╭─ Data shown

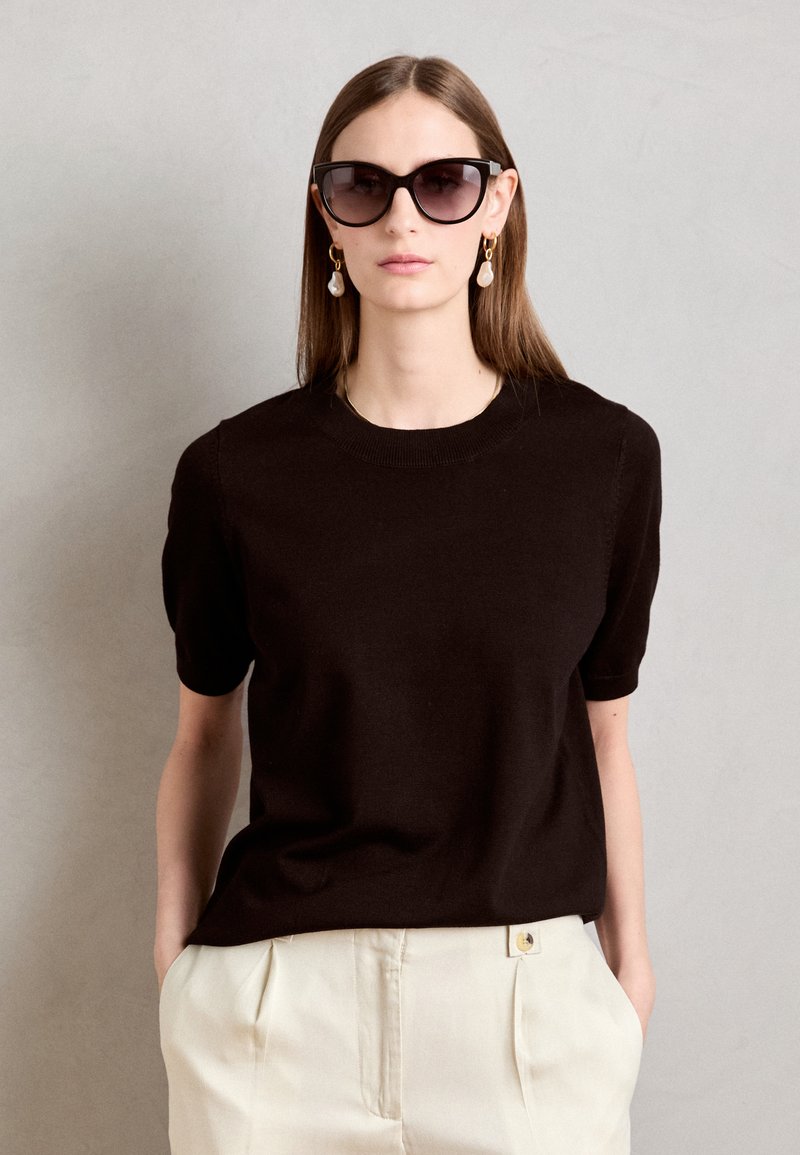 Pulover tricotat negru cu mânecă scurtă și guler rotund, asortat cu pantaloni plisati crem. Model purtând ochelari de soare supradimensionați negri și cercei lungi.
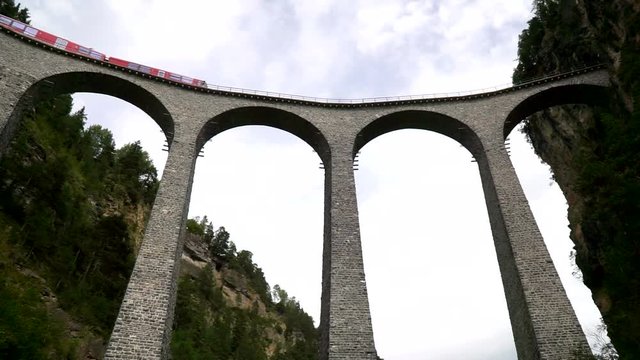 The train passes through the famous Landwasser viaduct in Switzerland. Bottom view.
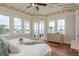 Bright bedroom boasting stunning water views with an elegant ceiling fan and wood floors at 442 Midway Is, Clearwater Beach, FL 33767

╰─

[Problem to solve]: Output only the lines that run from the line containing "The train passes" to the last line of the data, exactly as they stand and without pictures.

[Written response]:
 The train passes through the famous Landwasser viaduct in Switzerland. Bottom view.
 Bright bedroom boasting stunning water views with an elegant ceiling fan and wood floors at 442 Midway Is, Clearwater Beach, FL 33767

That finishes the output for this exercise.